Schmerzen: Selbstmedikation mit Alkohol und mögliche Folgen

Alkoholkonsum zur Behandlung körperlicher Schmerzen führt zu gefühlter Erleichterung und erhöht Anfälligkeit für riskanten Alkoholkonsum

Schmerzen: Selbstmedikation mit Alkohol und mögliche Folgen

23.08.2022 Wer seine Schmerzen mit dem Trinken von Alkohol behandelt, ist möglicherweise anfällig für einen riskanten Alkoholkonsum, da die Erfahrung der Schmerzlinderung den Alkoholkonsum potenziell stark beeinflusst, so eine neue Studie.

Jüngste Studien haben einen starken Zusammenhang zwischen Schmerzen und Alkoholkonsum aufgezeigt: Menschen mit chronischen Schmerzen geben häufiger als andere an, stark zu trinken, und Menschen mit Alkoholkonsumstörung (alcohol use disorder – AUD; Alkoholmissbrauch, Alkoholismus) berichten häufiger über chronische Schmerzen.

Schmerzlindernde Wirkung von Alkohol

Alkohol hat bekanntermaßen schmerzlindernde Wirkungen. Hinweise auf gemeinsame neuronale Mechanismen, die chronischen Schmerzen und Substanzmissbrauch zugrundeliegen, lassen vermuten, dass die schmerzlindernde Wirkung von Alkohol von den Erfahrungen der Betroffenen mit chronischen Schmerzen beeinflusst werden könnte. Ein besseres Verständnis des Zusammenhangs zwischen chronischen Schmerzen und Alkoholkonsum könnte zu besseren Präventions- und Behandlungsansätzen führen.

Für die in Alcoholism: Clinical & Experimental Research veröffentlichte Studie untersuchten Forscher der University of Florida die schmerzlindernde Wirkung von Alkohol bei regelmäßigen Trinkern mit und ohne chronische Schmerzen und maßen die Auswirkungen des Alkohols auf die Schmerzschwelle, die Intensität, die psychische Belastung und die Schmerzlinderung.

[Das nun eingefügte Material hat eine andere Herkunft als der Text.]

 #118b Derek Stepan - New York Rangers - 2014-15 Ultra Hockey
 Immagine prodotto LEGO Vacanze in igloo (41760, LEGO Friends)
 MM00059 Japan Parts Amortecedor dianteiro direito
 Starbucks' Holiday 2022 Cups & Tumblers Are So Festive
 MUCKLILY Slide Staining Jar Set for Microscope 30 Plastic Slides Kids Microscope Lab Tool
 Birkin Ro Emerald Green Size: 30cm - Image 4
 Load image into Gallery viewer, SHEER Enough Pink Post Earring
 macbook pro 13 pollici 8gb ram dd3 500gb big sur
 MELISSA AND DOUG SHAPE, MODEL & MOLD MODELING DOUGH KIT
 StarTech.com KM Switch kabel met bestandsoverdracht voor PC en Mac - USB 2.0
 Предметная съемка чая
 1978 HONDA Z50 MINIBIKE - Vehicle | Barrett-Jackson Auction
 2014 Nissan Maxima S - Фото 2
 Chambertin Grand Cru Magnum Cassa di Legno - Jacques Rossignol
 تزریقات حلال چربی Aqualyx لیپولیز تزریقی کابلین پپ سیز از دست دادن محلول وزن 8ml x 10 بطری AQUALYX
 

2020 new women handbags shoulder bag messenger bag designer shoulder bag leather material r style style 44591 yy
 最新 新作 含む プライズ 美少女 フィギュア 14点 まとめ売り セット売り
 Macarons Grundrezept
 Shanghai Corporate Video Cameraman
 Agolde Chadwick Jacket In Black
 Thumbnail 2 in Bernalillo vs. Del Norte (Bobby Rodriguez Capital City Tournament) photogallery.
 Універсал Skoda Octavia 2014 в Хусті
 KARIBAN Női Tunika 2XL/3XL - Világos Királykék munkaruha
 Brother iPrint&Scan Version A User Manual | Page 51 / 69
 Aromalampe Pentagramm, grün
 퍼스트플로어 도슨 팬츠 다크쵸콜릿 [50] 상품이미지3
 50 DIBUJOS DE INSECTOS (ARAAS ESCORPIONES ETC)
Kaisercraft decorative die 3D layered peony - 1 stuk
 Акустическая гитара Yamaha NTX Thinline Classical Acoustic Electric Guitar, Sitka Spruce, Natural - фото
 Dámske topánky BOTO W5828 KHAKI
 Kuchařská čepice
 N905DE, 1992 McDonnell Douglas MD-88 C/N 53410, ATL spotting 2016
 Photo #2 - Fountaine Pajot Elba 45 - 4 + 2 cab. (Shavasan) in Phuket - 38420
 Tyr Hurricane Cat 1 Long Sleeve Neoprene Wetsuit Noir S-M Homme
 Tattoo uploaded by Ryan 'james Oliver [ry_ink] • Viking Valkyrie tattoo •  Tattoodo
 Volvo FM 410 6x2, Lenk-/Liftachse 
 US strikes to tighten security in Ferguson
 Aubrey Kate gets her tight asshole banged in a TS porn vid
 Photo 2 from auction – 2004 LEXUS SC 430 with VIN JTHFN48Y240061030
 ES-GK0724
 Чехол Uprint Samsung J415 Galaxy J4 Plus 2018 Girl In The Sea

Patienten mit Kieferschmerzen

Die Forscher arbeiteten mit 48 Trinkern im Alter von 21 bis 45 Jahren, überwiegend Frauen, die Fragebogen zu ihren demografischen Daten und ihrem typischen Trinkverhalten ausfüllten. Die 19 Teilnehmer mit chronischen Kieferschmerzen wurden von einem Kieferorthopäden und einem Experten für orofaziale Schmerzen untersucht und füllten einen Fragebogen zur Schmerzintensität und zu den Auswirkungen auf die Lebensqualität aus. Alle Teilnehmer nahmen an zwei Testsitzungen teil.

In einer Sitzung konsumierten sie Alkohol, der so berechnet wurde, dass eine Atemalkoholkonzentration (BrAC) von 0,08 g/dL erreicht wurde, was einem Rausch entspricht; in der anderen Sitzung erhielten sie ein Placebo-Getränk. Nach dem Trinken wurde die Atemalkoholkonzentration der Teilnehmer in regelmäßigen Abständen gemessen.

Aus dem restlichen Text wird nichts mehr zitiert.